We chose a well-known seafood restaurant some kilometers away for dinner that evening, and the food (mostly seafood dishes with a decidedly Chinese flair) was first-rate. We went through numerous bottles of Wyndham Estate’s Bin 444 Cabernet Sauvignon and never grew tired of it. The restaurant was on stilts over the water, and much of the sea fare on the menu had been hauled up from fishing boats through a opening in the floor near the center of the room. We made friends with our waiter, and he invited us to a beach party later that evening at the Mana Mana Beach Club, a watersports resort not far from our own. We bought another bottle of wine and headed straight over when we left the restaurant sometime around 11 p.m.
Things were well underway by the time we got there. An open bar and dance floor looked out over the ocean, separated by fifty meters or so of cool sand. We found a table and chatted while we waited for Khairudin the waiter and his friends to arrive. After a while they did, and we talked about life in Indonesia and the effects of the recent economic turmoil the country has faced. Finding work was difficult and education hard to afford. Khairudin spoke good English (thanks to classes and arduous self-study) and respectable Mandarin from watching television broadcasts from Singapore. He was 21, seriously motivated, and an engaging conversationalist. We all felt lucky to have met him and his friends.
We danced a bit and drank a bit more, and when the hour grew late we stumbled back to our rooms and slept the deep, exhausted sleep of sated hedonists.

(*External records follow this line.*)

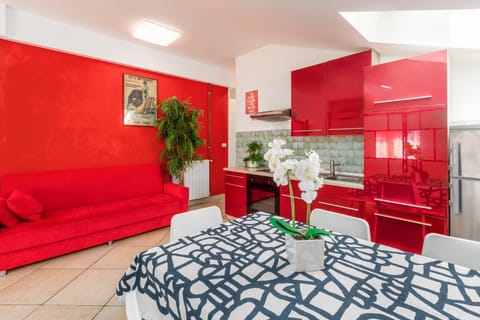 Kitchen or kitchenette, Living room, Seating area, Dining area, oven, pet friendly, stove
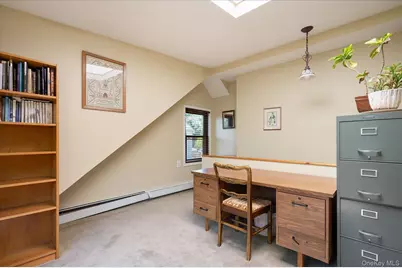 1045 Stanton Avenue, Woodmere, NY 11598 - Photo 15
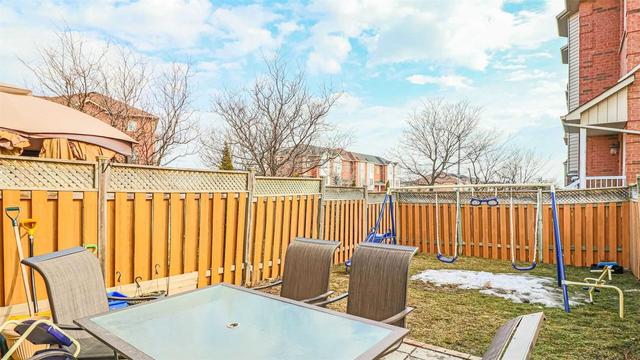 87 Ozner Crt, House attached with 3 bedrooms, 3 bathrooms and 4 parking in Brampton ON | Image 29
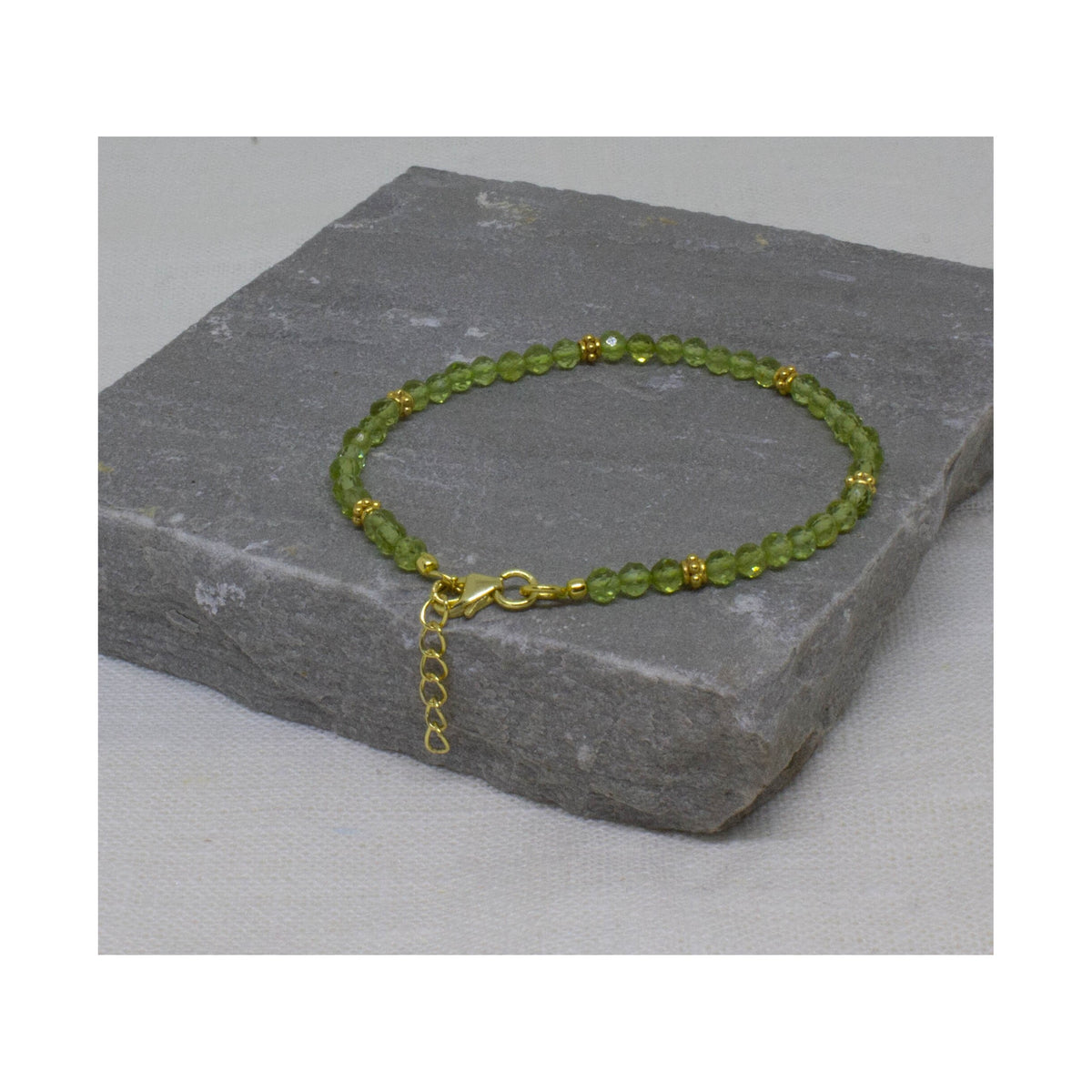 Peridot Gemstone and Gold Beaded Bracelet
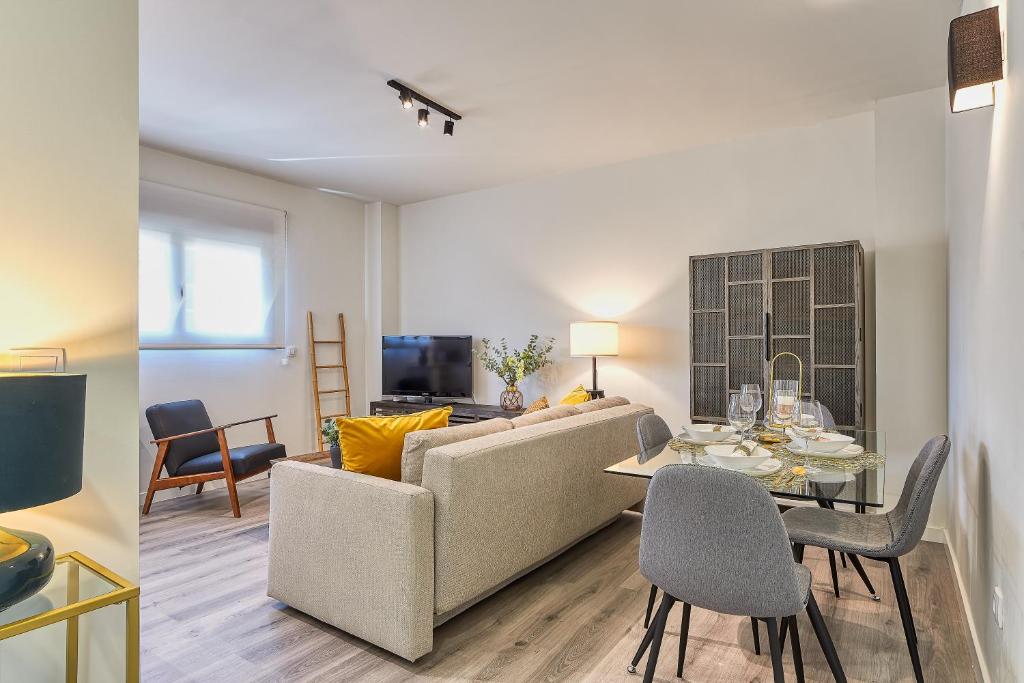 Televízia a/alebo spoločenská miestnosť v ubytovaní AB Vialia Estación SuiteMálaga - Parking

We had to catch a noon ferry back to Singapore, so we were up early and off to breakfast before many of our fellow guests were even awake. The trip back was uneventful. Before long we were pulling into Tanah Merah, and then it was into a taxi and off to Singapore proper to do some shopping. Normally I wouldn’t add shopping to my list of activities while on “vacation,” but as a 188cm tall foreigner in Tokyo I find it extremely hard to find clothes that fit. And plus, Singapore is damn cheap. So I went crazy and shopped for clothes like a man possessed. There was no shortage of XL shirts and 36″ pants (I bought plenty of both), but I never could find shoes to fit my size 11 feet. I’m not complaining.
We went to an excellent Chinese restaurant for dinner that evening, and decided on the lobster because it was (you guessed it) cheap and also very fresh. The Chinese broccoli, mushroom and tofu hot-pot, and everything else were just fantastic. This was also refreshing, because it’s near-impossible to find good Chinese food in Tokyo. Don’t ask me why. Tokyo is full of Chinese people. Many of them preparing Chinese food. It should be good, one would think. But it’s not. And it’s only until you go to Singapore or Vancouver or Hong Kong that you realize it. Realizing it, I ordered more.
My flight was scheduled to leave at 11 p.m. that evening. My friends came to the airport to see me off, and I thanked them for the wonderful time I had there that weekend. Singapore is a wonderful city and I look forward to returning again and again. Hopefully I’ll have the opportunity to do just that.
And thinking back now as I try to come up with up a clever way to end this, all I can say is that I already miss it. Sitting here in my swank Yoyogi pad, I miss it very much.